» WORK INSTRUCTIONS: Beginning with the line that contains "De Forest National", copy each subsequent line of the data below through the last one, including both ends but not the pictures.

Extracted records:
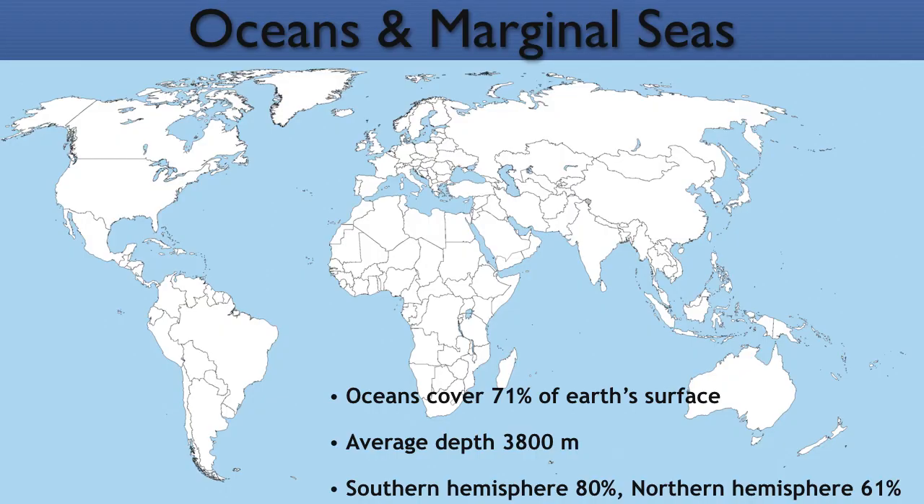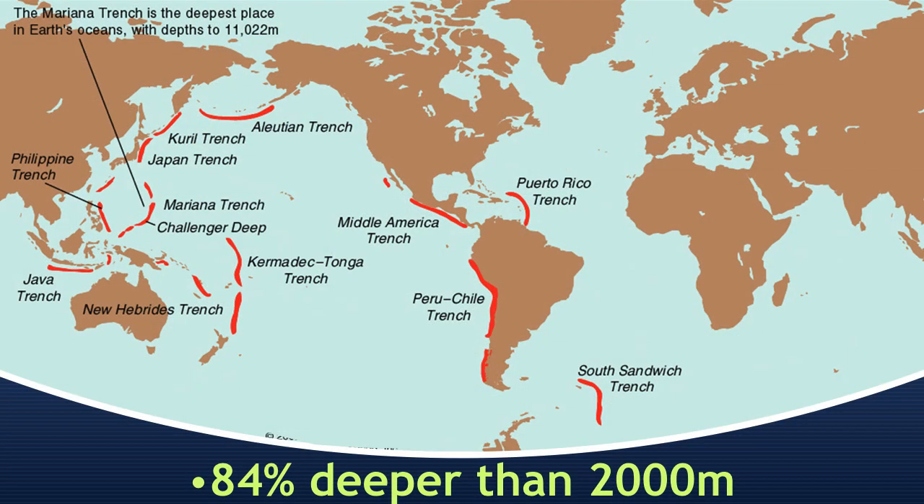Oceans cover some 71% of the Earth's surface at an average depth of 3,800 meters. That's amazing — that is most of the planet. The southern hemisphere is covered mostly by water, about 80%. The northern hemisphere, slightly less, at 61%. And of that entire water mass, 84% is deeper than 2,000 meters. That means the majority of our planet is cold and deep and dark, and most importantly, unexplored.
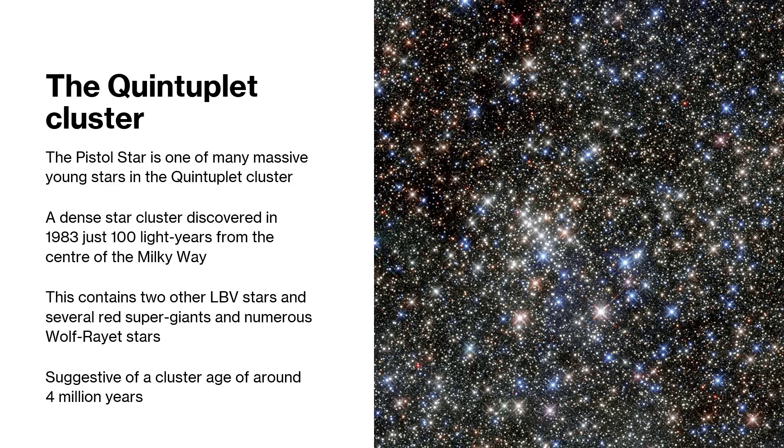This cluster, discovered back in 1983, is only about 100 light years from Sagittarius A*, the center of the Milky Way galaxy. It contains a lot of super-bright stars - there are a couple of other LBVs (Luminous Blue Variables), which the Pistol Star is one of, several red supergiants, and numerous Wolf-Rayet stars. Wolf-Rayet stars are the most powerful of all - absolutely immense mass and produce enormous amounts of energy. By studying these giant stars we can estimate the age of this cluster to be around four million years, based on the evolutionary state of the stars.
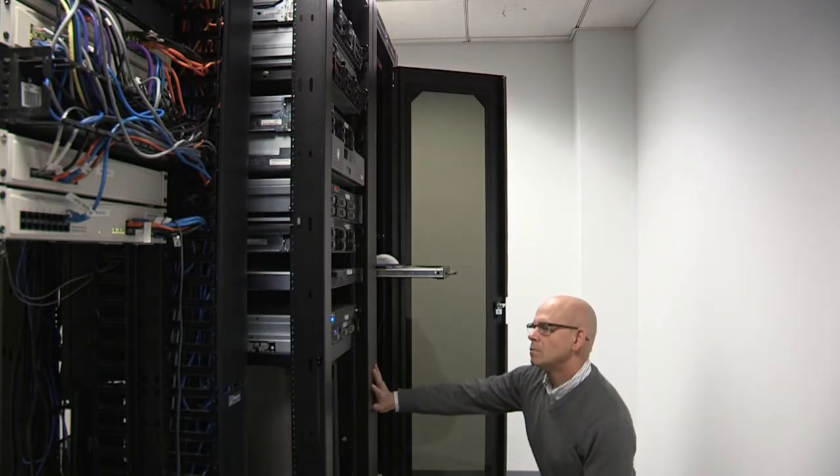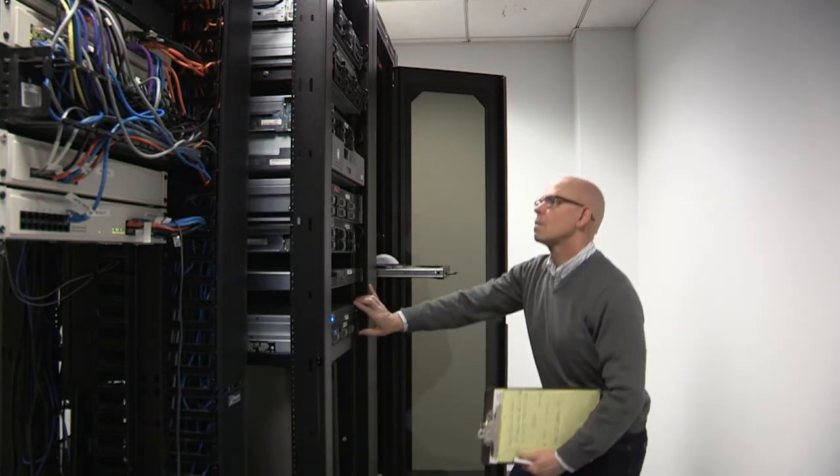Software as a service allows us to deliver our solution and those results with a virtually instantaneous return on investment. It doesn't matter if you've been running the most sophisticated transportation management system on the market, or if you've been managing your freight in spreadsheets. These savings are new.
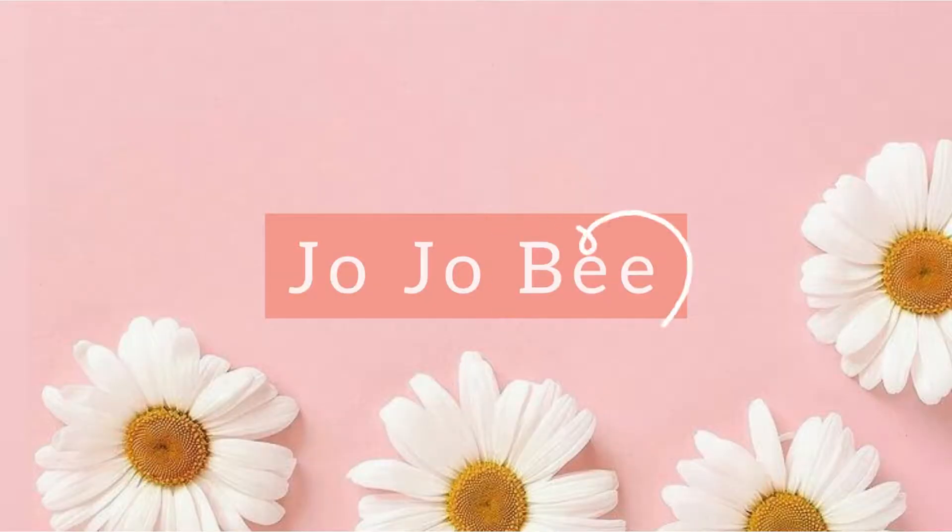I was gonna do that thing where I put my highlighter underneath my foundation. Damn it, I forgot. Hello everyone and welcome back to my channel! In today's video I'm going to be unboxing my September Ipsy bag and also putting it on my face. So if that sounds like something you're interested in, just keep on watching. This month's glam bag had five items in it.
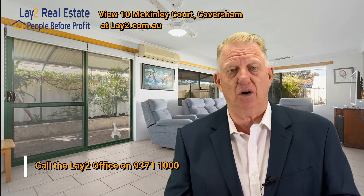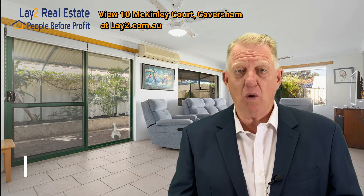So what I'd like you to do is come and have a look at it. And if you want to know more about it in the meantime, give us a ring at the office on 9371 1000, or contact me, Steve Lay, on 0419 191 100.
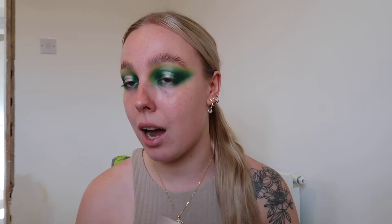The next thing I'm moving on to is my base. The foundation I'm using today is the L'Oreal True Match Foundation in the shade Vanilla - I love this foundation, I use it all the time, it is so gorgeous. I'm just going to blend that out.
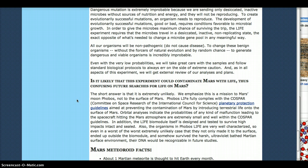Phobos LIFE fully complies with the COSPAR — Committee on Space Research of the International Council for Science. However, there are many people saying no, they don't comply, and there are many people who are totally against what they were trying to do here.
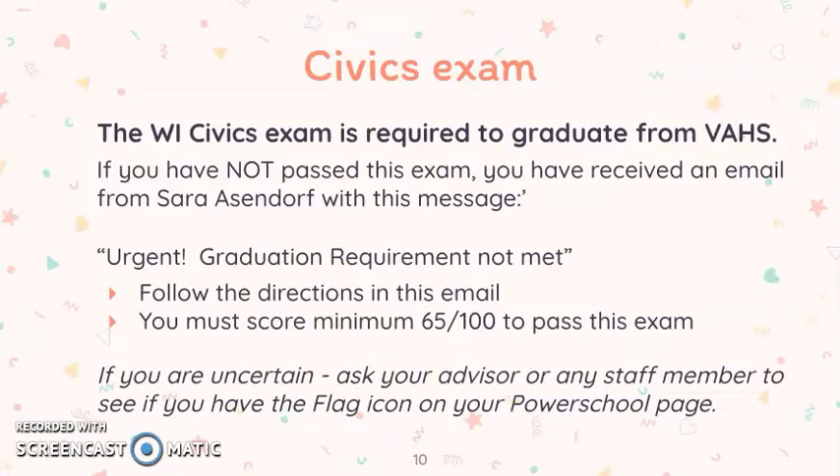This is required to graduate from Verona Area High School. If you have not yet passed this exam, you have received an email from Sarah Essendorf with the message that says, 'Urgent! Graduation Requirement Not Met.' Open this email from Ms. Essendorf, follow the directions in the email, and you must score a minimum of 65 out of 100 to pass this exam.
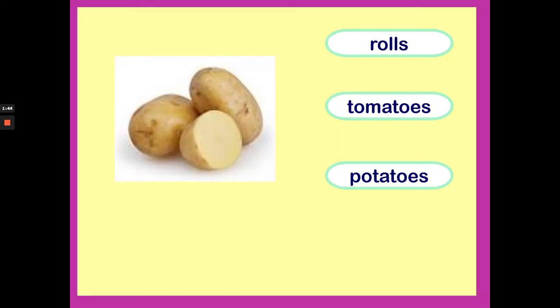What vegetable is this? Are they rolls, are they tomatoes or are they potatoes? Let's find out! They're potatoes. Well done!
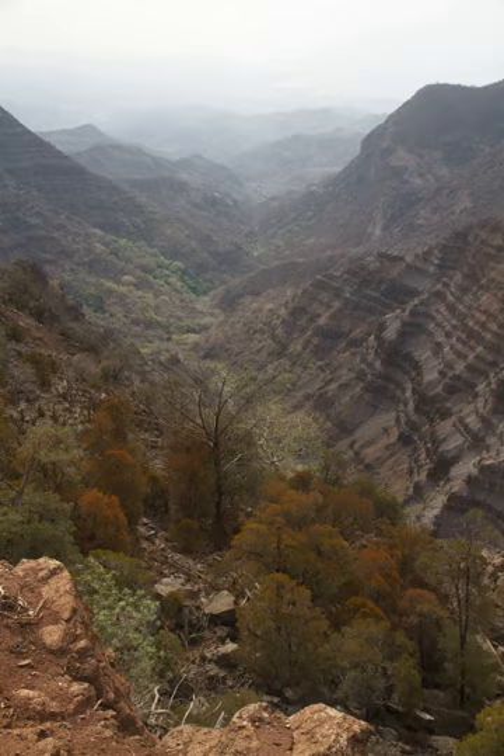De Forest National Park, also known as Fort Du De National Park, is a national park in the Gota Mountains and Tadjora region of Djibouti.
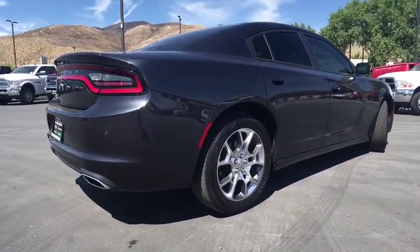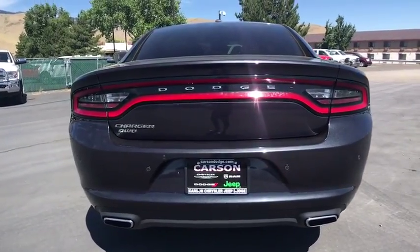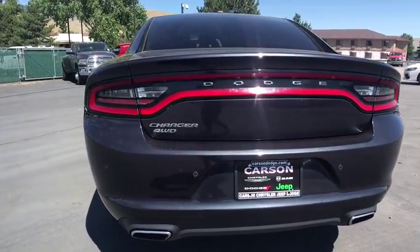Peace of mind comes standard with the Charger's 5-star government front and side impact crash test rating. This vehicle has less than 70,000 miles.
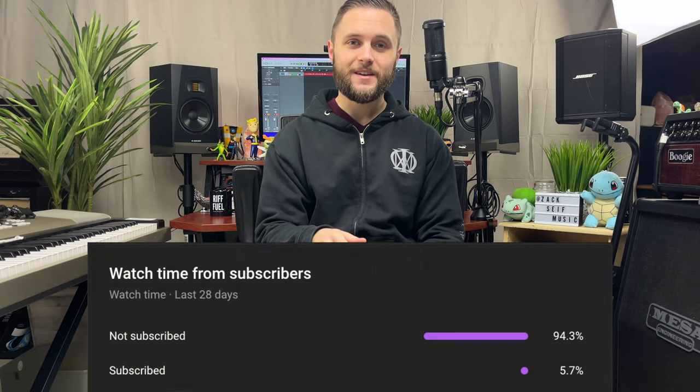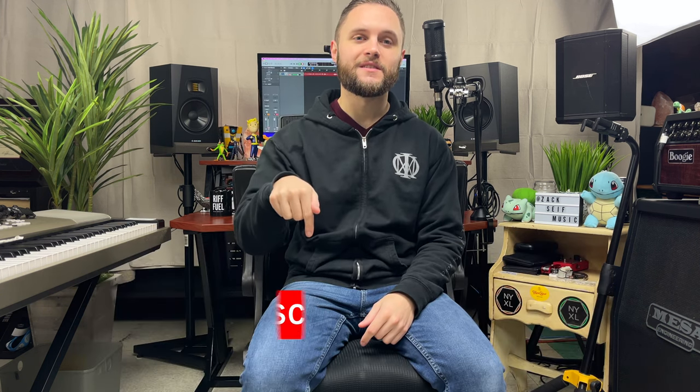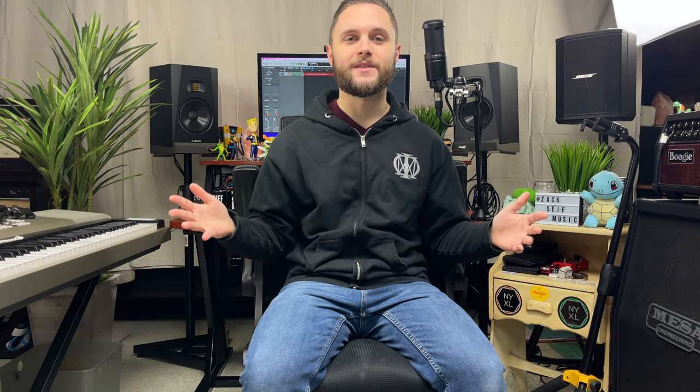Just a quick reminder that according to my analytics, about 90% of you who watch my videos on a regular basis are not subscribed. Take two seconds, please hit that button. It helps me out a lot as a content creator. With that out of the way, let's get back into the video.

» ANSWER BELOW:
De Forest National Park, also known as Fort Du De National Park, is a national park in the Gota Mountains and Tadjora region of Djibouti.
Peace of mind comes standard with the Charger's 5-star government front and side impact crash test rating. This vehicle has less than 70,000 miles.
Just a quick reminder that according to my analytics, about 90% of you who watch my videos on a regular basis are not subscribed. Take two seconds, please hit that button. It helps me out a lot as a content creator. With that out of the way, let's get back into the video.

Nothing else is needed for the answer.